You know you’re a public health dork when… you leave a two-hour meeting at your internship with your head buzzing about the possibilities of health promotion programs in your community. For my social work field placement this academic year, I’m placed at the local health department, Washtenaw County Public Health. On my first day of orientation to SPH, I remember hearing someone say that if you’ve seen one local health department, you’ve seen ONE local health department – meaning that each local health department is so different from the next that there aren’t many generalizations that can be made about them. WCPH is fortunate to be able to do many health promotion programs that are in addition to their mandated public health duties as required by state or federal regulations.
Our division meeting included updates on a number of health promotion programs, from smoking cessation and healthy eating to biking to work and substance use prevention. It was reassuring to hear a lot of terms I’ve been learning in my graduate studies, and to see how health programs operate in my local community – instead of just reading about it from research articles. One staff member gave a report from a presentation at statewide conference she had recently attended in which a health communication campaign out of Jackson, Michigan was discussed. I had heard about this campaign before in my health communication course last fall – it was a final project option for some of the students in my class! It was nice to see it come to fruition and be lauded across the state. You can learn more about it on their website – Most Teens Don’t!
Another major topic of the meeting was a big grant we’ve been writing for the last couple weeks for the Michigan Department of Community Health (MDCH). It’s been a fun process being part of this grant proposal. The MDCH has funded 16 community organizations and local health departments over the last year to do planning in their communities for addressing health disparities among various ethnic populations.
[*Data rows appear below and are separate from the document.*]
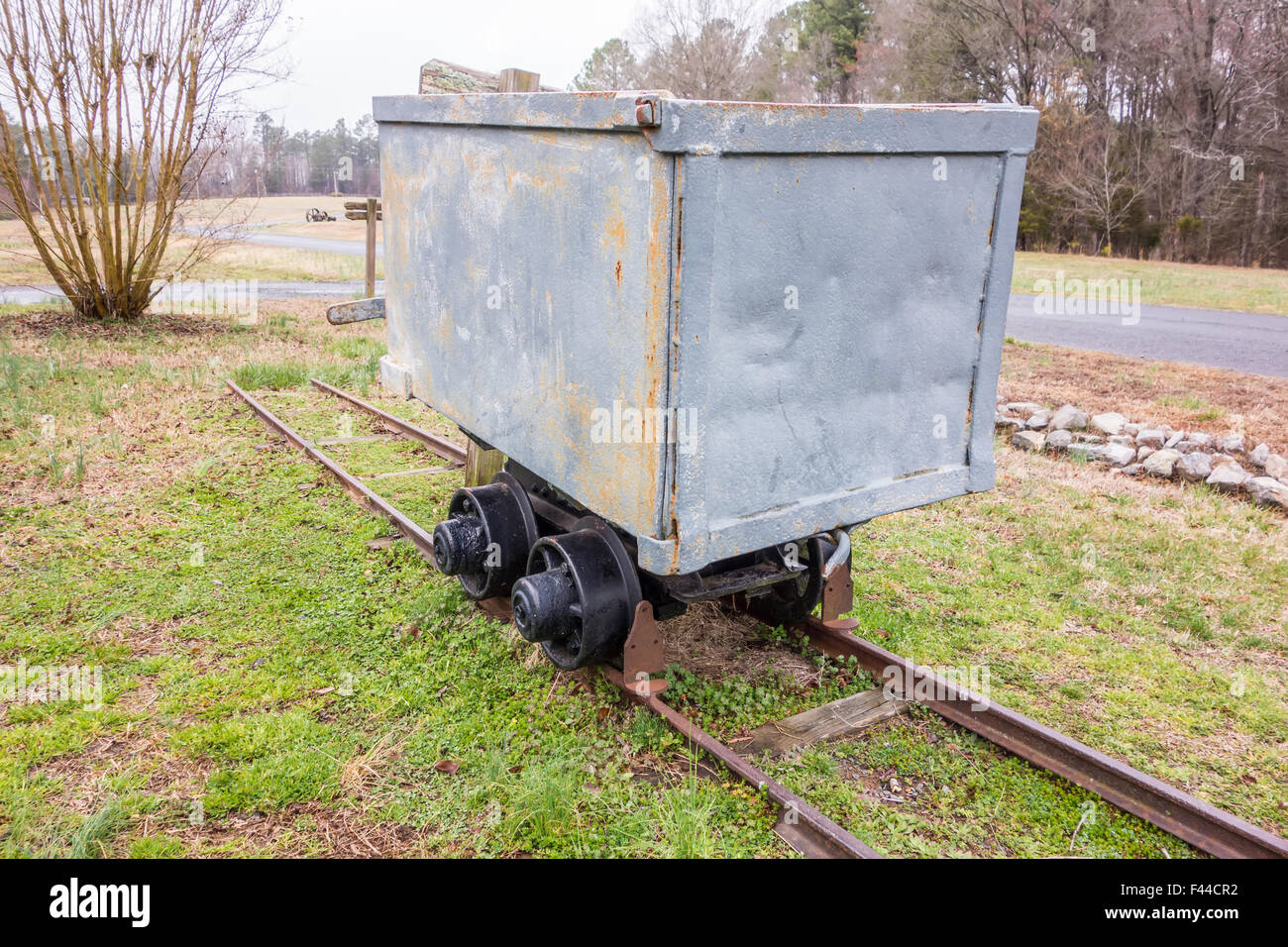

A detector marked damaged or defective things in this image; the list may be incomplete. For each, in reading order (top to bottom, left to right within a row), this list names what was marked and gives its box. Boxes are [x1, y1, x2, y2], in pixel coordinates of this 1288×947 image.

rusty metal surface [224, 381, 440, 567]
rusty metal surface [307, 378, 466, 466]
rusty rail [307, 378, 466, 466]
rusty metal surface [374, 92, 1035, 577]
rusty metal surface [607, 665, 881, 860]
rusty rail [762, 610, 1288, 860]
rusty metal surface [778, 610, 1288, 860]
Washtenaw County was funded to work with African-Americans and Latinos, and we just submitted our proposal for the next phase of the grant – implementation. Even if we don’t get funded, it was a great learning experience to be able to work on developing the programs for the Latino-focused part of the proposal, as well as the evaluation plan. I got to apply what I learned in HBHE 651 (Program Development) and what I’m learning right now in HBHE 622 (Program Evaluation), in addition to many of the theories I learned in HBHE 600 (Psychosocial Factors in Health-Related Behavior) and SW 502 (Organizational, Community and Societal Structures and Processes).